### [EXERCISE GOAL]
Starting at the line that holds "Picasee Sony Xperia" and stopping at the line that holds "Appartement - 42 à 65 m² - 2 à 3 pièces", restate the records below word for word, with both of those lines included.

### [EXERCISE DATA]
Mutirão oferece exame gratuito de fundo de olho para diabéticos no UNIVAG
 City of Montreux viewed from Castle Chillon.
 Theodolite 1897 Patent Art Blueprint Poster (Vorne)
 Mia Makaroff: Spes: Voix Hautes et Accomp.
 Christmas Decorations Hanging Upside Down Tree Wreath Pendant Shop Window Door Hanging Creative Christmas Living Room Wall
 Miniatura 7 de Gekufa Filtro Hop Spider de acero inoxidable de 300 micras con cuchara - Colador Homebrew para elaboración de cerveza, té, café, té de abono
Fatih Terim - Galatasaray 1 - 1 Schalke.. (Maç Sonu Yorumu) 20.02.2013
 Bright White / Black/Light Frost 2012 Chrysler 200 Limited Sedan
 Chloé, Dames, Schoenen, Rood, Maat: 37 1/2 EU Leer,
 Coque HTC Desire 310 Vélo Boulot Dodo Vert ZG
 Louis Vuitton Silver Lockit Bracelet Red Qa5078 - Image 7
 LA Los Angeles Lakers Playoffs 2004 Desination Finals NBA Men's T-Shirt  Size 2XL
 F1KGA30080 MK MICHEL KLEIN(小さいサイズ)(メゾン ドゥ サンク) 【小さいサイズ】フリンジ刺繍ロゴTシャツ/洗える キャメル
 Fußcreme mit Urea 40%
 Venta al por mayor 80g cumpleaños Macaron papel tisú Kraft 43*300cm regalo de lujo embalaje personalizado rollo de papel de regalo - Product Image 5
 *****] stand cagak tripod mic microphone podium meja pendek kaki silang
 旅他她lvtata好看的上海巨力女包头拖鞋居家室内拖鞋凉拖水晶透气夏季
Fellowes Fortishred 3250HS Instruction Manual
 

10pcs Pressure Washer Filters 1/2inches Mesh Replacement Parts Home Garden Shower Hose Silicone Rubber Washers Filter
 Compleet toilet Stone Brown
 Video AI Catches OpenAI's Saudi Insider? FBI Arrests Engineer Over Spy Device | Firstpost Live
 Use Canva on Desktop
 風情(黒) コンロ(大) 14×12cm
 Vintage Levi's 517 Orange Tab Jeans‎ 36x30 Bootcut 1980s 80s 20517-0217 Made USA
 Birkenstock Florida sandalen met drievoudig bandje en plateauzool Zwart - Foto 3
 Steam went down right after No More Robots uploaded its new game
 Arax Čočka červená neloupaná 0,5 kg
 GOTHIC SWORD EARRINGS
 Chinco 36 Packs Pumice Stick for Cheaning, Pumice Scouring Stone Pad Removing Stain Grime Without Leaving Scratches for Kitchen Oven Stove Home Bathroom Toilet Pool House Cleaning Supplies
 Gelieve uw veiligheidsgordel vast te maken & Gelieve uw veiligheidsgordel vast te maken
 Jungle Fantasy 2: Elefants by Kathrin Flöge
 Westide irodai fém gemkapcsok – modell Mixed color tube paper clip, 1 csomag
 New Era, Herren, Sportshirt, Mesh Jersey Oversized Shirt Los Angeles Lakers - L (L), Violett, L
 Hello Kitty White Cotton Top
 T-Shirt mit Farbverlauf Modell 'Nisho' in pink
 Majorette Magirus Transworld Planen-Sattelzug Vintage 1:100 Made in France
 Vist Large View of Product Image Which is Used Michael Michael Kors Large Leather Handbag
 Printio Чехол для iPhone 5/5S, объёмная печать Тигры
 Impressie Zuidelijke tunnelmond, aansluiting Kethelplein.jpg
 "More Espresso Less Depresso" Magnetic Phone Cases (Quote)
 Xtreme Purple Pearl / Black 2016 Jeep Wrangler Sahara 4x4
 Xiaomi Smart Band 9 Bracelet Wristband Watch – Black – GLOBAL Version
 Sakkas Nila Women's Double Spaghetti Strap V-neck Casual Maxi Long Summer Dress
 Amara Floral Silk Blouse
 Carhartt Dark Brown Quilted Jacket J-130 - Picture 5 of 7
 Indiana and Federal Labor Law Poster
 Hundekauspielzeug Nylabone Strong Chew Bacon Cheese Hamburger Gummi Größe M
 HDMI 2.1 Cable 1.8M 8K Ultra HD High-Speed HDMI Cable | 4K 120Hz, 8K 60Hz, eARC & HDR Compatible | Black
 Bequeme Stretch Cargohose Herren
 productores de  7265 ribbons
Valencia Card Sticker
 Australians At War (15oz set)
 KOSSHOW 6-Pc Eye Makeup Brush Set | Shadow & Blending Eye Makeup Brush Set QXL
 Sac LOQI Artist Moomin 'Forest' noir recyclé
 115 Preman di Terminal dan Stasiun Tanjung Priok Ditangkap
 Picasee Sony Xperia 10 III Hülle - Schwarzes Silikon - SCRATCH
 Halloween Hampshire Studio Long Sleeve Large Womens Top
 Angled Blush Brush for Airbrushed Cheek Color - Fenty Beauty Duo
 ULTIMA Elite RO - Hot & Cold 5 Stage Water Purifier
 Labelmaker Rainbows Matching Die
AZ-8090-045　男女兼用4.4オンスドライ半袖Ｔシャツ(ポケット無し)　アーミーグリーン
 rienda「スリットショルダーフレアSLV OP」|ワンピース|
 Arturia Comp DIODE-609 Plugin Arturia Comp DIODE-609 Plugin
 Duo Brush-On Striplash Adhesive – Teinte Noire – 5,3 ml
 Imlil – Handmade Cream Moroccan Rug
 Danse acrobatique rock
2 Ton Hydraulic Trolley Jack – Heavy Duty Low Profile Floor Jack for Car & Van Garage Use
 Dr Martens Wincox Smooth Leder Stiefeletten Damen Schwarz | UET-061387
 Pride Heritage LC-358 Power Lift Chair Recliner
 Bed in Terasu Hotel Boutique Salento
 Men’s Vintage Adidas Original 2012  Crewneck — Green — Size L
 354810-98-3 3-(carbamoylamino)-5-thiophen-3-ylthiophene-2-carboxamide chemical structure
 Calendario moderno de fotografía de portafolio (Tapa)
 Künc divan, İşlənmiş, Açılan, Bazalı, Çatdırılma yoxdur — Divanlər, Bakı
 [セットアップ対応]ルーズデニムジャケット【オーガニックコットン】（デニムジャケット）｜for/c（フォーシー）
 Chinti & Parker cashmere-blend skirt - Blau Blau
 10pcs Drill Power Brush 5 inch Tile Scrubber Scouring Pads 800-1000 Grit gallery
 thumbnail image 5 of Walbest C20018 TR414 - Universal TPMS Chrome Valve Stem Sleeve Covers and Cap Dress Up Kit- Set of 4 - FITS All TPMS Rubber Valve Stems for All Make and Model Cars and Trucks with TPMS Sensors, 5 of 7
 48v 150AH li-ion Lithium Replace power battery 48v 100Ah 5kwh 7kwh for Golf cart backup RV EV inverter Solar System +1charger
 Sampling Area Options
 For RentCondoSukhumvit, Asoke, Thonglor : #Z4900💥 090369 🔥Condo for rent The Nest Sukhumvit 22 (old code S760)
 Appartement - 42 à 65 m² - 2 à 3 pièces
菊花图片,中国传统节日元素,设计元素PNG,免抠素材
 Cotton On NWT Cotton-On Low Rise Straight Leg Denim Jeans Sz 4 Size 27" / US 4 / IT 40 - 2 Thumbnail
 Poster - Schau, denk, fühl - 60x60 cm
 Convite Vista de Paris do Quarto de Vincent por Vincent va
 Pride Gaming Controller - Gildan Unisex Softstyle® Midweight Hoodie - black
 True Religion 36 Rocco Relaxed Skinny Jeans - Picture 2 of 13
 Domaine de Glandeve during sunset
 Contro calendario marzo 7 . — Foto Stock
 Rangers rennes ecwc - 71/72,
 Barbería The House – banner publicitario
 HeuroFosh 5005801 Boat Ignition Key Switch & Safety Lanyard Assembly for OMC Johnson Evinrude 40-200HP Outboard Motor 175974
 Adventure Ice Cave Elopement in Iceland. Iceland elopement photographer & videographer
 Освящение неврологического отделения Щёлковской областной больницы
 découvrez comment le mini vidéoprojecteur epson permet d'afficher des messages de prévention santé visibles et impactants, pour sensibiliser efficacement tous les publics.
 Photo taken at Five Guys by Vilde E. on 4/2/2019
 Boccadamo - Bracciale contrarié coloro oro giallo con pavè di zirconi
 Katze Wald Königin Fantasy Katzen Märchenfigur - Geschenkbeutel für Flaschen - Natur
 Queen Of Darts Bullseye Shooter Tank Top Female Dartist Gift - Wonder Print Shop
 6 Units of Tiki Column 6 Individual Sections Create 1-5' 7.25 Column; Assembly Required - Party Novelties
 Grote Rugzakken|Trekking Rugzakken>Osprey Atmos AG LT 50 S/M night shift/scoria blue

### [RESULT]
 Picasee Sony Xperia 10 III Hülle - Schwarzes Silikon - SCRATCH
 Halloween Hampshire Studio Long Sleeve Large Womens Top
 Angled Blush Brush for Airbrushed Cheek Color - Fenty Beauty Duo
 ULTIMA Elite RO - Hot & Cold 5 Stage Water Purifier
 Labelmaker Rainbows Matching Die
AZ-8090-045　男女兼用4.4オンスドライ半袖Ｔシャツ(ポケット無し)　アーミーグリーン
 rienda「スリットショルダーフレアSLV OP」|ワンピース|
 Arturia Comp DIODE-609 Plugin Arturia Comp DIODE-609 Plugin
 Duo Brush-On Striplash Adhesive – Teinte Noire – 5,3 ml
 Imlil – Handmade Cream Moroccan Rug
 Danse acrobatique rock
2 Ton Hydraulic Trolley Jack – Heavy Duty Low Profile Floor Jack for Car & Van Garage Use
 Dr Martens Wincox Smooth Leder Stiefeletten Damen Schwarz | UET-061387
 Pride Heritage LC-358 Power Lift Chair Recliner
 Bed in Terasu Hotel Boutique Salento
 Men’s Vintage Adidas Original 2012  Crewneck — Green — Size L
 354810-98-3 3-(carbamoylamino)-5-thiophen-3-ylthiophene-2-carboxamide chemical structure
 Calendario moderno de fotografía de portafolio (Tapa)
 Künc divan, İşlənmiş, Açılan, Bazalı, Çatdırılma yoxdur — Divanlər, Bakı
 [セットアップ対応]ルーズデニムジャケット【オーガニックコットン】（デニムジャケット）｜for/c（フォーシー）
 Chinti & Parker cashmere-blend skirt - Blau Blau
 10pcs Drill Power Brush 5 inch Tile Scrubber Scouring Pads 800-1000 Grit gallery
 thumbnail image 5 of Walbest C20018 TR414 - Universal TPMS Chrome Valve Stem Sleeve Covers and Cap Dress Up Kit- Set of 4 - FITS All TPMS Rubber Valve Stems for All Make and Model Cars and Trucks with TPMS Sensors, 5 of 7
 48v 150AH li-ion Lithium Replace power battery 48v 100Ah 5kwh 7kwh for Golf cart backup RV EV inverter Solar System +1charger
 Sampling Area Options
 For RentCondoSukhumvit, Asoke, Thonglor : #Z4900💥 090369 🔥Condo for rent The Nest Sukhumvit 22 (old code S760)
 Appartement - 42 à 65 m² - 2 à 3 pièces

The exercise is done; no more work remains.